Of course, FSG argued claim or issue preclusion required trial judge No. 2 to accept the ruling of trial judge No. 1, who found the arbitration agreement to be enforceable. But there had been no final adjudication on the merits, because an order granting a motion to compel arbitration is not appealable, and review of the order must await appeal of the judgment confirming an arbitration award. [Note: our sidebar category is collateral estoppel/res judicata, admittedly no longer the favored terms of art, having been replaced by claim and issue preclusion.]
The agreement, being a condition of employment, was adhesive and had aspects of procedural unconscionability. The arbitration agreement was also substantively unconscionable because it unfairly allocated costs and attorney fees to the employee, limited discovery, improperly barred tolling of the statute of limitations, and included an invalid waiver of representative PAGA claims.
The last point, regarding invalid waiver of representative PAGA claims, is interesting in light of the SCOTUS ruling in Moriana v. Viking River Cruises, holding that California law invalidating contractual waivers of the right to assert representative claims under PAGA is preempted by the FAA, insofar as PAGA precludes division of actions into individual and representative claims. Because the court in Mills, however, did not require Mills to arbitrate, there was no need to divide his individual and representative claims: both could be litigated. Justice Feuer sides with Justice Sotomayor's concurring opinion in Moriana that even if the employee is required to arbitrate individual claims, under California law, the employee still has standing to bring a representative action. However, Justice Feuer does not need to decide the issue of standing, since Mills was not required to arbitrate.

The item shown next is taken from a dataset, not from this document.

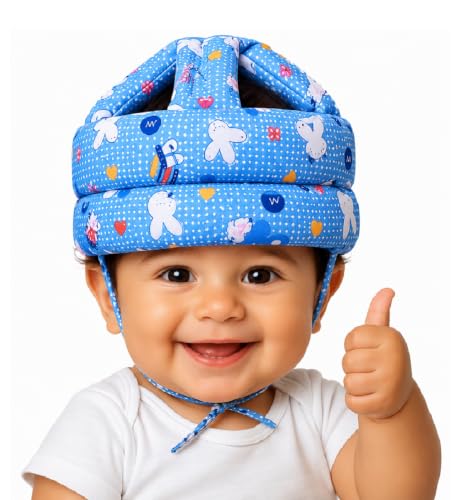 Image of Baby Infant Toddler Helmet No Bump Safety Head Cushion Bumper Bonnet Adjustable Protective Printed Cap Child Safety Headguard for Running Walking Crawling Safety Helmet (Sky Blue)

COMMENT: While acknowledging that there is no per se rule that severance can never be used if there is more than one item of substantive unconscionability, Justice Feuer explains why, as a matter of policy, the court should not sever and rewrite the contract here: "[U]pholding this type of agreement with multiple unconscionable terms would create an incentive for an employer to draft a one-sided arbitration agreement in the hope employees would not challenge the unlawful provisions, but if they do, the court would simply modify the agreement to include the bilateral terms the employer should have included in the first place."